Arm is hij er niet van geworden, maar het is toch even slikken. Malasch: “Als ik dát geweten had, dan had ik die dingen nooit verkocht. Ziehier het risico van het vak. Ik heb er in ieder geval allemaal mensen gelukkig mee gemaakt. Wat is daar op tegen? Helaas veranderden sommige van die timide Chinese jochies in woest-commerciële monsters met geen enkele loyaliteit. Dus op een gegeven moment kreeg ik dat werk hier gewoon niet meer verkocht, omdat ze opeens echt idiote bedragen vroegen. Man, ik háát dat eeuwige gekloot om geld.”

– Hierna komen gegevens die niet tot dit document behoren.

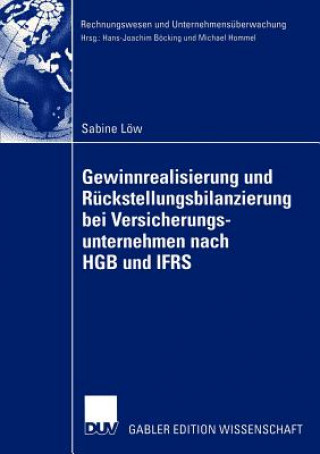 Книга Gewinnrealisierung und Ruckstellungsbilanzierung bei Versicherungsunternehmen Nach HGB und IFRS Sabine Löw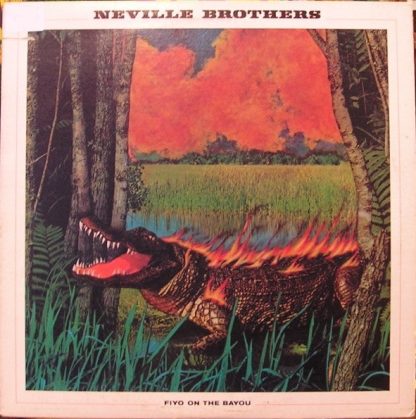 Neville Brothers – Fiyo On The Bayou (Vinyl)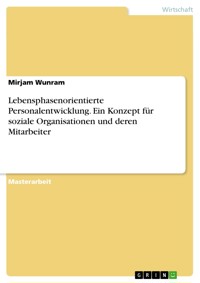 Lebensphasenorientierte Personalentwicklung. Ein Konzept für soziale Organisationen und deren Mitarbeiter - Mirjam Wunram - E-Book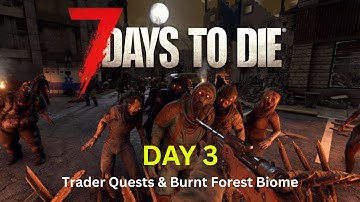 7 Days to Die – Day 3 Trader Quests & Burnt Forest Loot Run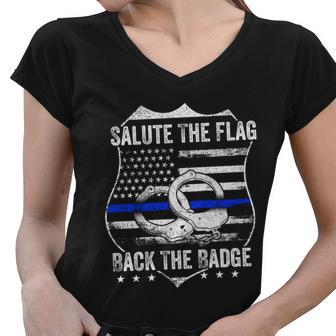 Salute The Flag Back The Badge Policemen Gift Police Themed Gift Women V-Neck T-Shirt - Monsterry AU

Als organisator gaat hij in ieder geval door met de vijfde editie van het culturele evenement Indomania, op 11 mei in het Sierraad aan de Postjesweg. “Dat gaat over mijn Indonesische roots, dus dat is me dierbaar. Daarnaast wil ik me nu ook wat meer opwerpen als free agent voor een aantal onbekende, maar geniale kunstenaars, zoals Marenka Gabeler, Ronald Berning, Choi Jeong Hwa, Pieter de Kok en Joost Benthem. Ze maken prachtig werk dat meer aandacht verdient. Zo maakt Choi hilarische sculpturen die tijdens Loving the Alien vollop te koop zijn: dildo’s in de vorm van die basketballer, Magic Johnson. Ik heb er een doos vol van.”

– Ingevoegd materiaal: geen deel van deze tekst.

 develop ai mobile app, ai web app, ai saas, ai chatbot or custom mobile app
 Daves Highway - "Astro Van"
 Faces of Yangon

Het exorbitante kunstkoopgedrag tijdens de internetboom van begin deze eeuw staat hem nog fris voor de geest. Malasch: “Dan kwam er zo’n twintiger binnen die nét tien miljoen had verdiend met een of ander achterlijk videospelletje. En dan werd er rondgewezen en geroepen: pakt u dat allemaal maar in hoor, de prijs was niet relevant.” Een sarcastische grijns: “Easy come, easy go. Ja, die tijd is voorbij.”

De galerieformule is tot op het bot versleten, aldus Malasch: “Iedere boerenlul kan een galerie beginnen om de keramische sculpturen van z’n trotse vrouw in de etalage te kunnen zetten. Daarnaast is Amsterdam een achterlijk provinciaal dorp met te weinig kapitaal en te weinig smaak. En verder is het met de kunst ook slecht gesteld, 99% van wat ik zie is bagger. Daarom is Amsterdam een véél te kleine markt voor serieuze verzamelaars. Ik was net in Londen voor de David Bowie-expositie. Nou, dan ben je de Hazenstraat snel vergeten.”

De kunstwereld neemt zichzelf veel te serieus, zegt Malasch. “Iedereen is bang om op z’n bek te gaan. Maar mislukken is juist interessant. Ik zie mezelf als Heintje Davids van de avantgarde. Ik dwing mezelf om steeds weer from stratch te beginnen, want dat geeft energie. Na deze expo en Indomania 5 ga ik even naar Indonesië om inspiratie op te doen. Misschien begin ik daarna wel een nieuw soort toko.”

Tentoonstelling Loving the Alien, Meneer Malasch, Postjesweg 2. Opening 20/4, 15:00-19:00 uur. Te zien t/m 30/4.